L’art et la culture occupent une position particulière, surtout dans une société où la diversité oblige à rechercher un nouveau vivre ensemble. L’art et la culture nourrissent des qualités humaines indispensables pour notre époque : la compréhension, la connaissance, l’espoir et la compassion. Les Pays-Bas, l’Italie et l’Allemagne viennent d’augmenter leur budget pour la culture, et à juste titre.
La réponse du ministre président, flanqué par son ministre de la culture, Sven Gatz, viendra à peine deux jours plus tard : « Le financement de la culture sera mixte ». Cette réponse confirme formellement que ce gouvernement opte pour une politique de « mise en vente » : réaliser des économies avant de pouvoir commercialiser. Priorité à l’ « entrepreneuriat culturel » au travers de « financements complémentaires », voilà le message.

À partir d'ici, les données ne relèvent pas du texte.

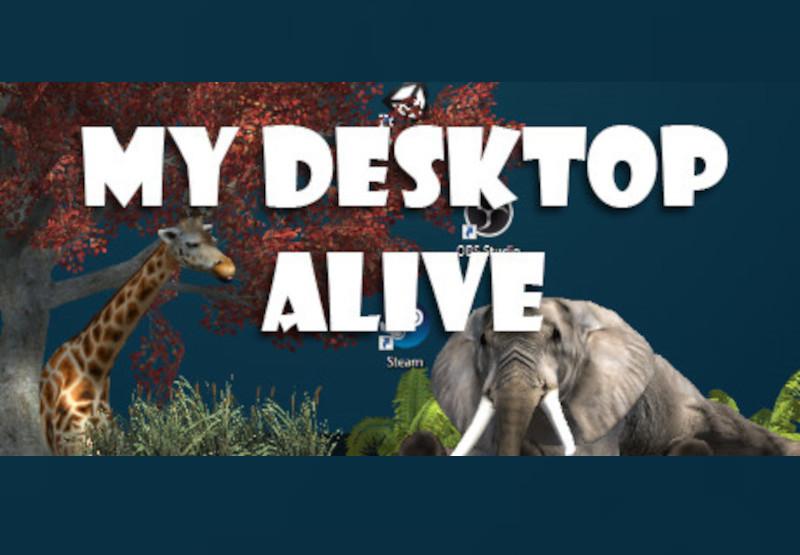 My Desktop Alive ستيم كود رقمي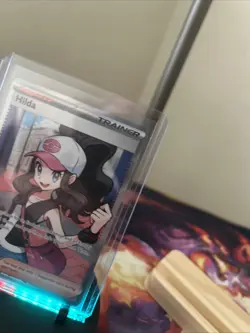 Pokemon TCG Hilda 164/086 - SV: White Flare Full Art Ultra Rare Holo NM - Image 4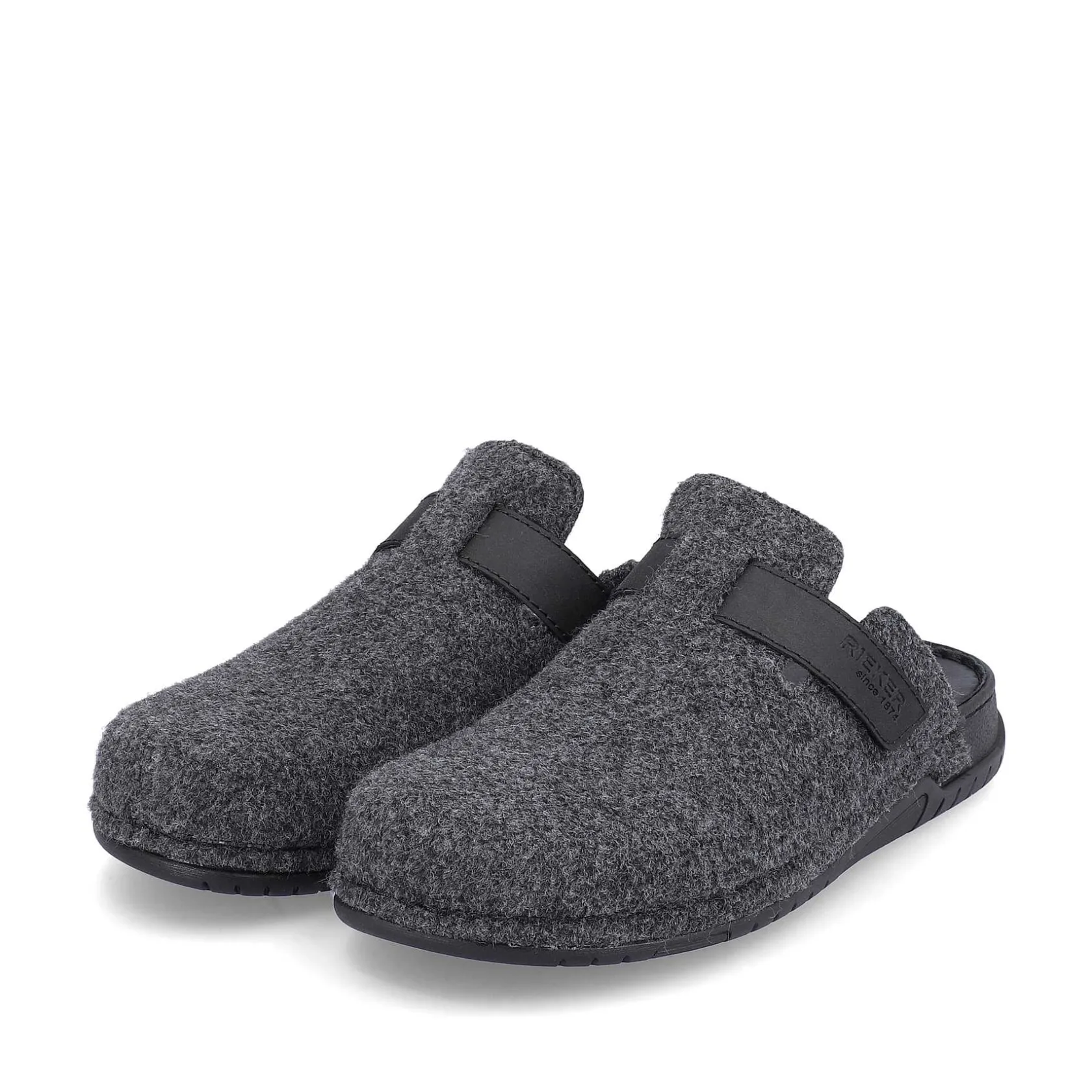 Rieker Mules & Slippers-Men'S Clogs Granite Grey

« Tout et tous sur le marché » est une autre formulation possible de cette même politique.
Financement complémentaire... késéksa ?
Le concept de « complémentaire » est ici un euphémisme pour « financement alternatif ». La politique culturelle du gouvernement flamand veut attirer des moyens privés pour remplacer le financement public, principalement via des cadeaux fiscaux. Et, cette politique va coûter cher au contribuable. De plus, le soutien par le financement alternatif ira massivement aux institutions commerciales rentables, alors qu’elles ne devraient pas recevoir de moyens complémentaires. Cette politique culturelle favorise les grandes « maisons », et va ainsi accroître les inégalités entre les institutions. En rupture avec une culture politique démocratique et transparente, elle laissera le champ libre aux petits arrangements d’arrière-salle.
Le service public de la culture a été construit prudemment, au fil des ans, et se voit aujourd’hui ainsi soldé : les intérêts privés entrent en jeu pour imposer leur conception de l’art et de la culture, en la plaçant sous les projecteurs pour la mettre sur un piédestal.
De cette façon, le gouvernement permet à la classe possédante de s’approprier les structures détenues par les pouvoirs publics, tout en gagnant pas mal d’argent, notamment via le tax shelter.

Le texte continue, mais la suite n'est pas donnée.